I usually give my babies a few pieces of Purebites (Freeze dried) Shrimp, Chicken, or Fish flavor every morning. I recently sent away for free samples of Whole Life freeze dried Turkey, Chicken, Cod, Lamb etc. for dogs and cats. So far I've only given my cats the turkey treats which only one of my cats appreciates. I think it's great that they send an entire box of samples because cats can be quite picky. Once I know which flavors they both love, I may buy them online. The free samples come with a card with a discount code for future online purchases. You can request free samples at www.wholelifepets.com by sending them an e-mail under "contact us". They responded promptly and I received the samples about two weeks later.


----------



## Sinatra-Butters (Aug 9, 2010)

Sinatra gets "Temptations" beef flavor twice a day- four or five pieces.


----------



## Straysmommy (Dec 23, 2010)

Thank you all so far! More, please!

I think it's time to change Midnight's name to Prince...for his lifestyle, I mean.


----------



## Digikid (Feb 27, 2011)

I use Temptation Naturals Salmon and Trout. Benny seems to go NUTS over them. 2 pieces a day.


----------



## Time Bandit (Aug 17, 2010)

For treats I have Drs. Foster and Smith 100% Freeze Dried Salmon Fishies, Drs. Foster and Smith 100% Tuna Flakes, and EVO Wild Cravings. Each girl gets a few pieces per day, after I get home from work. I rotate out the treats every day, so each day they get a different treat for variety. I also use the Tuna Flakes to sprinkle on top of food if someone is being fussy at a meal, and the EVO treats are also used in training.

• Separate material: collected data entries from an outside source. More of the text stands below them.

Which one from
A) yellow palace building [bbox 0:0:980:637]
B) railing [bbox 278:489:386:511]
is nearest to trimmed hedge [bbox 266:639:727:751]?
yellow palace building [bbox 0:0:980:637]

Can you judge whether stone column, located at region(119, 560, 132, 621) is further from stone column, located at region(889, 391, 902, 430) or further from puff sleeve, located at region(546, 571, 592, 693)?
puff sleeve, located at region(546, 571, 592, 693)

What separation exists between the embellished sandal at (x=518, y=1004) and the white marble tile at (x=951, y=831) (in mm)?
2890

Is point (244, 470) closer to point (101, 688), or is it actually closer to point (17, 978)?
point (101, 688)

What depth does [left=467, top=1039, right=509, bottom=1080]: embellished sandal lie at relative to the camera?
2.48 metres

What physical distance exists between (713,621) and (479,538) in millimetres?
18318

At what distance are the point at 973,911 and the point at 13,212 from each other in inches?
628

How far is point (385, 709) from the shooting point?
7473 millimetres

I still have some Purina Whisker Lickin's too, because the girls go nutso for the Chicken and Cheese flavor.


----------



## Xanti (Nov 4, 2008)

yep, Monty loves Temptations too..any flavour. He goes nuts for them..pretending to be all love dovey until he gets hold of them and can walk away with a 'dont talk to me' attitude again


----------



## Sinatra-Butters (Aug 9, 2010)

Xanti said:


> yep, Monty loves Temptations too..any flavour. He goes nuts for them..pretending to be all love dovey until he gets hold of them and can walk away with a 'dont talk to me' attitude again



Funny...Sinatra does the same thing!! Except he goes CRAZY for the beef flavor.


----------



## yellowdaisies (Jan 25, 2011)

Spencer won't eat treats of any kind, but he will drink Cat Sip. They both get a couple squirts of this every few days. 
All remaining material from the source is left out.